### Brief descriptive captions
────

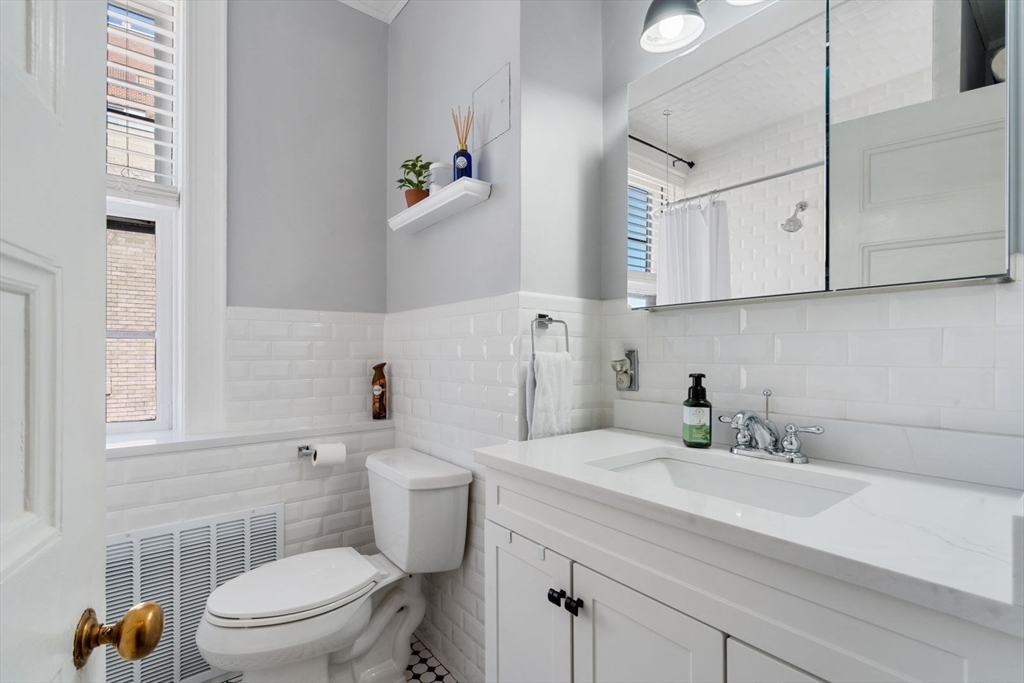 21 Beacon St, Beacon Hill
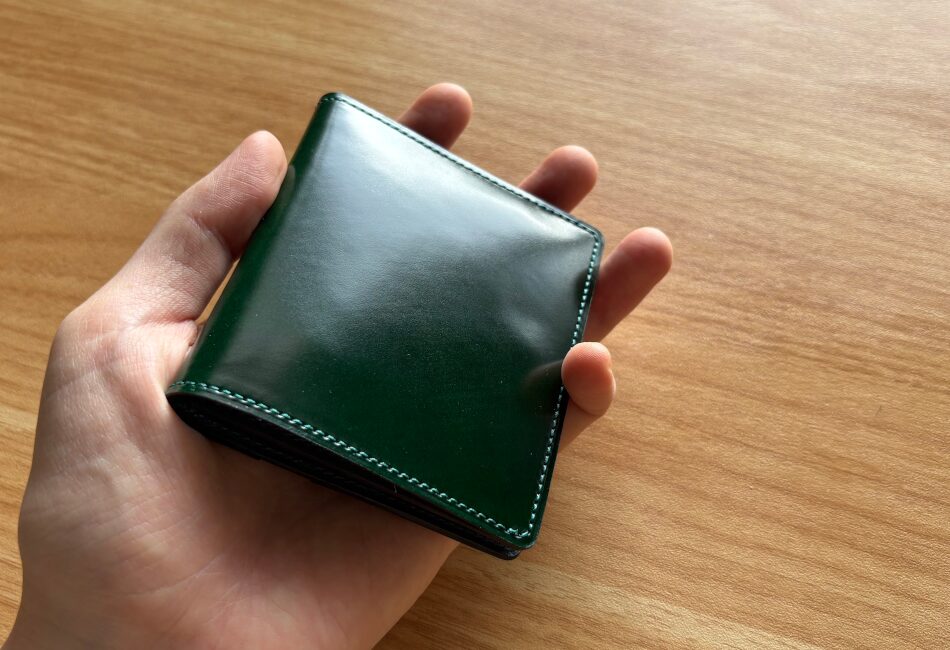 レーデルオガワのコードバン二つ折り財布 ライトウォレット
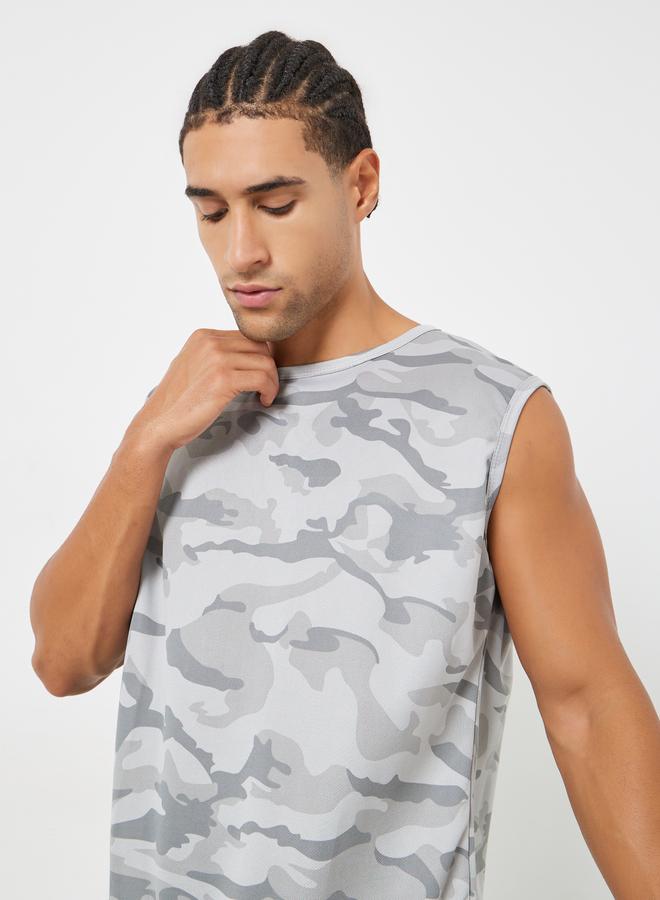 ستايلي اكتيف بلوزة تانك بلا أكمام طبعة تمويه - Image 3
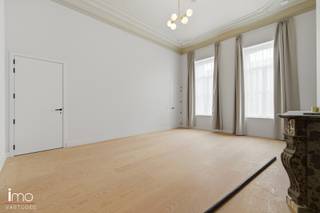 <p>U betreedt het appartement via de inkomhal, die u leidt naar de ruime en lichtrijke leefruimte. De open indeling en de mooie parketvloeren zorgen voor een warm en ruimtelijk gevoel. Aansluitend bevindt zich de open keuken, praktisch ingericht en perfect geïntegreerd in de leefruimte.<br /><br />Het appartement beschikt over één volwaardige slaapkamer en badkamer die aansluit op de nachtruimte, wat zorgt voor een comfortabele en functionele indeling. Daarnaast is er een aparte berging voorzien, ideaal voor extra opslagruimte.<br /><br />Kortom, een instapklaar appartement met mooie afwerking, gelegen op een toplocatie in Leuven.<br /><br />Wenst u dit appartement zelf te ontdekken? Neem vandaag nog contact op voor een bezoek. <br />Benieuwd naar de waarde van uw eigen eigendom? Wij helpen u graag met een vrijblijvende waardebepaling.</p>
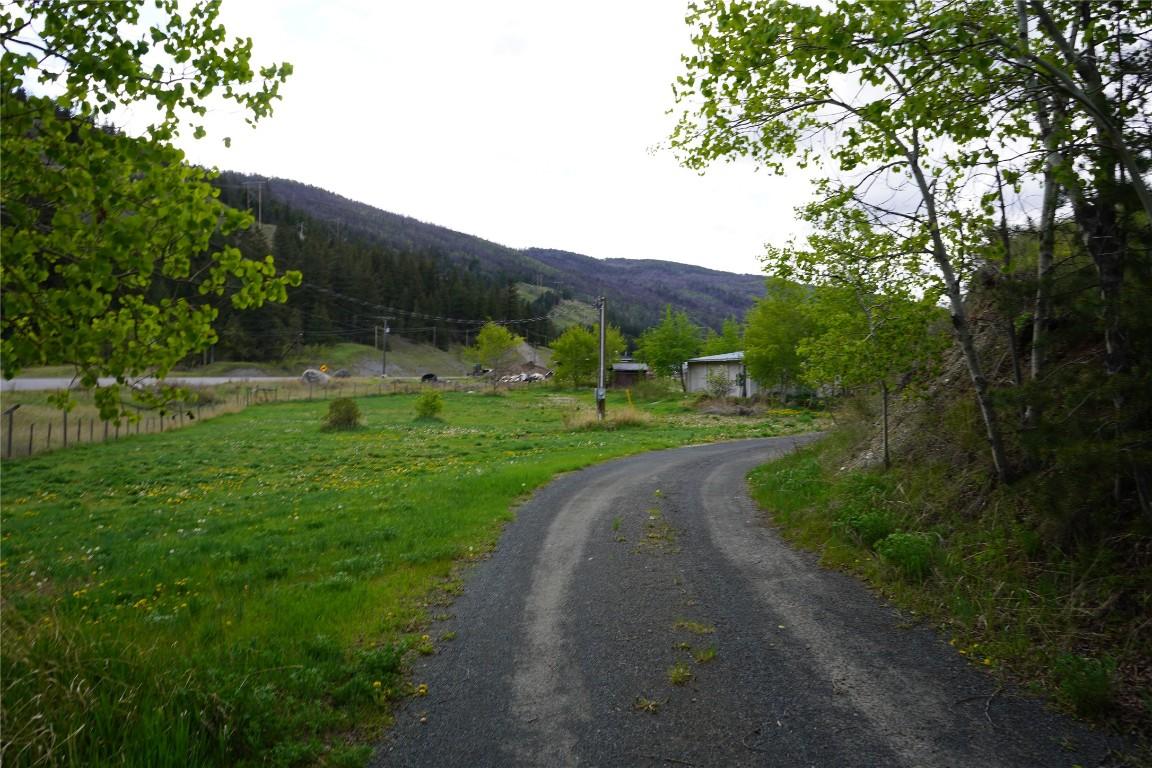 6805 Cariboo 97 Highway, Clinton, BC - Outdoor With View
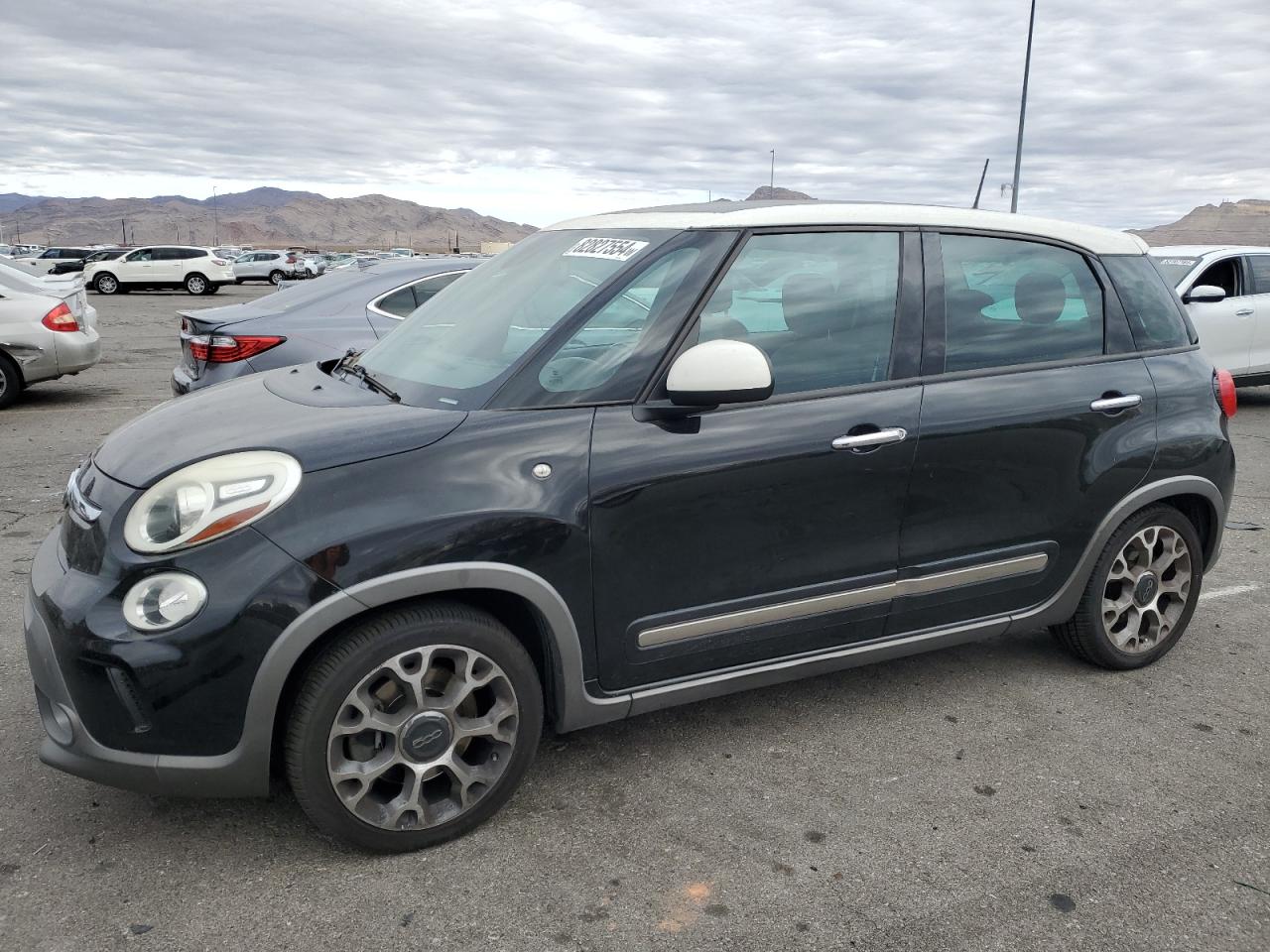 Lot #3023031319 2017 FIAT 500L TREKK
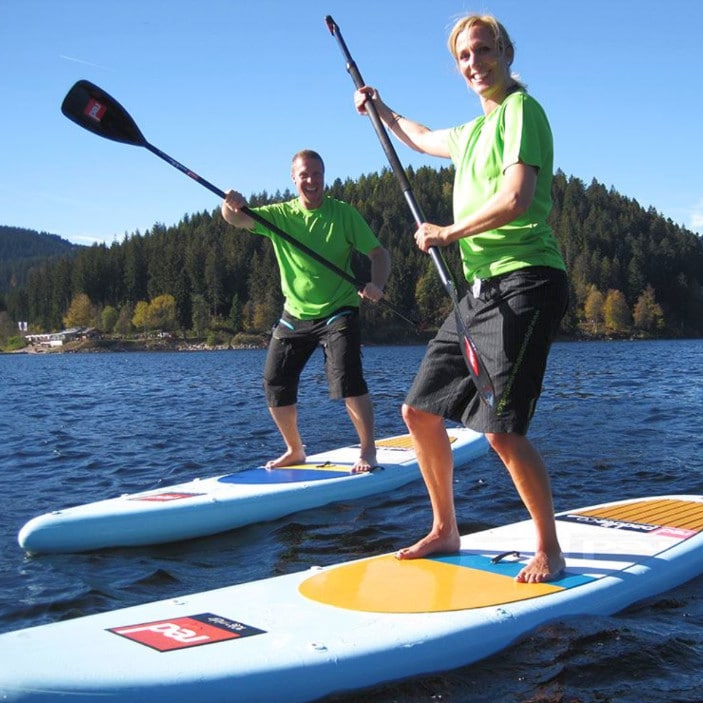 Paddleboarding people on titisee
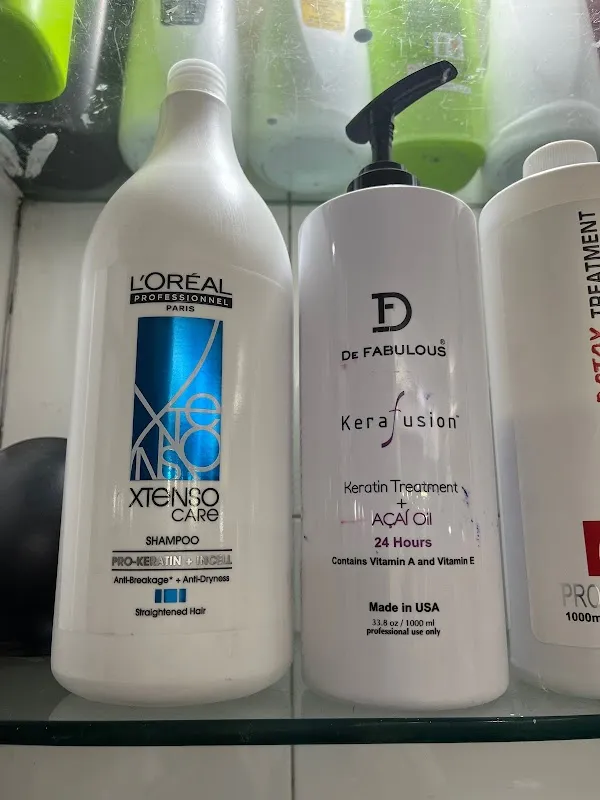 Aastha Unisex Salon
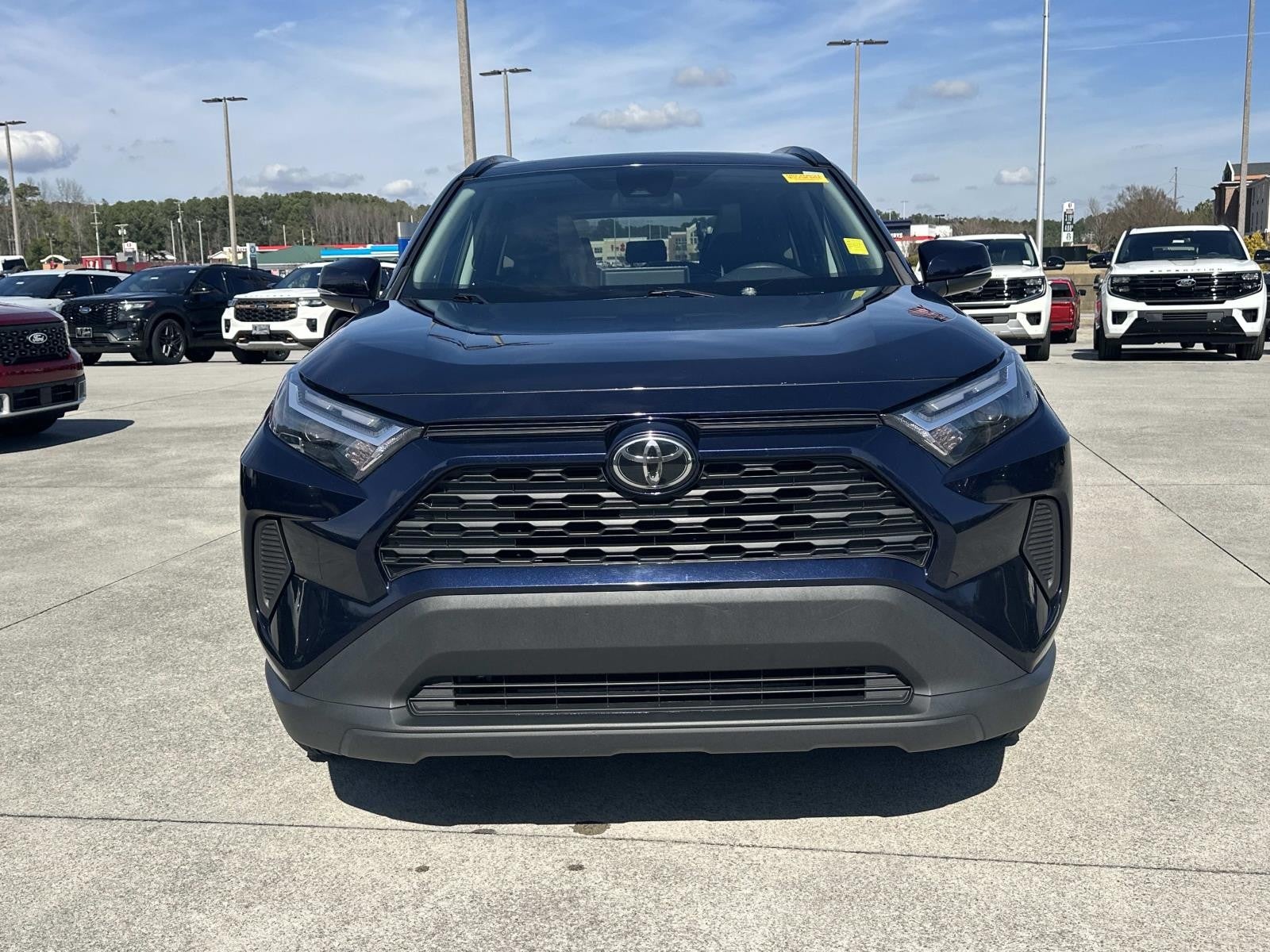 2023 Toyota RAV4 XLE FWD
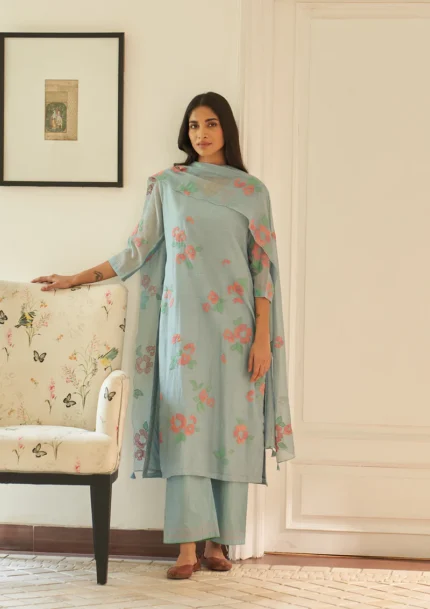 Blue Floral Appliqué Kurta Set for Women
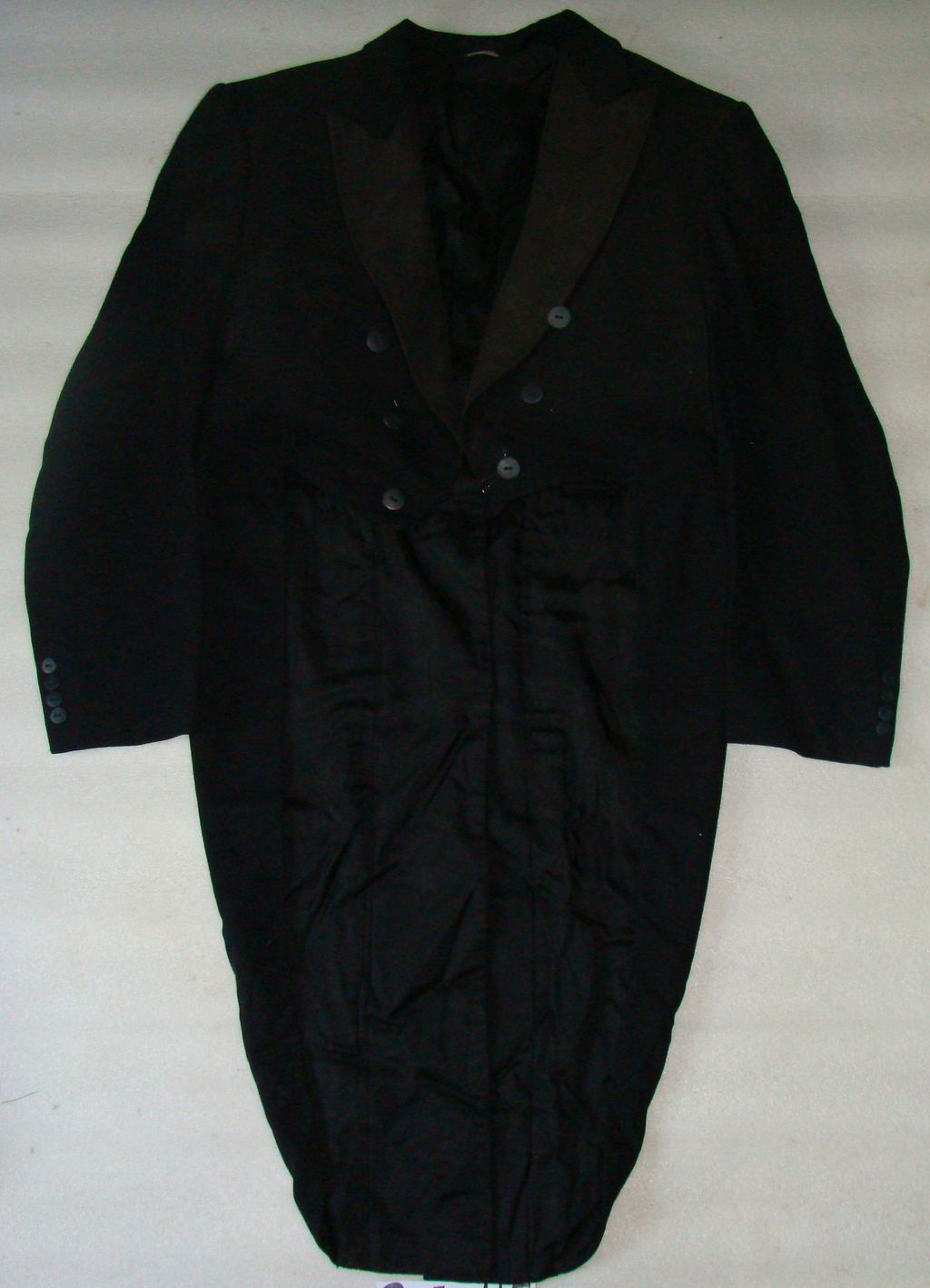 ເສຶ້ອມັງໂຕ ຜ້າສີດໍາ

────

### Work instructions
Give back the entries above exactly as they stand. Leave the images out.

### Written response
 21 Beacon St, Beacon Hill
 レーデルオガワのコードバン二つ折り財布 ライトウォレット
 ستايلي اكتيف بلوزة تانك بلا أكمام طبعة تمويه - Image 3
 <p>U betreedt het appartement via de inkomhal, die u leidt naar de ruime en lichtrijke leefruimte. De open indeling en de mooie parketvloeren zorgen voor een warm en ruimtelijk gevoel. Aansluitend bevindt zich de open keuken, praktisch ingericht en perfect geïntegreerd in de leefruimte.<br /><br />Het appartement beschikt over één volwaardige slaapkamer en badkamer die aansluit op de nachtruimte, wat zorgt voor een comfortabele en functionele indeling. Daarnaast is er een aparte berging voorzien, ideaal voor extra opslagruimte.<br /><br />Kortom, een instapklaar appartement met mooie afwerking, gelegen op een toplocatie in Leuven.<br /><br />Wenst u dit appartement zelf te ontdekken? Neem vandaag nog contact op voor een bezoek. <br />Benieuwd naar de waarde van uw eigen eigendom? Wij helpen u graag met een vrijblijvende waardebepaling.</p>
 6805 Cariboo 97 Highway, Clinton, BC - Outdoor With View
 Lot #3023031319 2017 FIAT 500L TREKK
 Paddleboarding people on titisee
 Aastha Unisex Salon
 2023 Toyota RAV4 XLE FWD
 Blue Floral Appliqué Kurta Set for Women
 ເສຶ້ອມັງໂຕ ຜ້າສີດໍາ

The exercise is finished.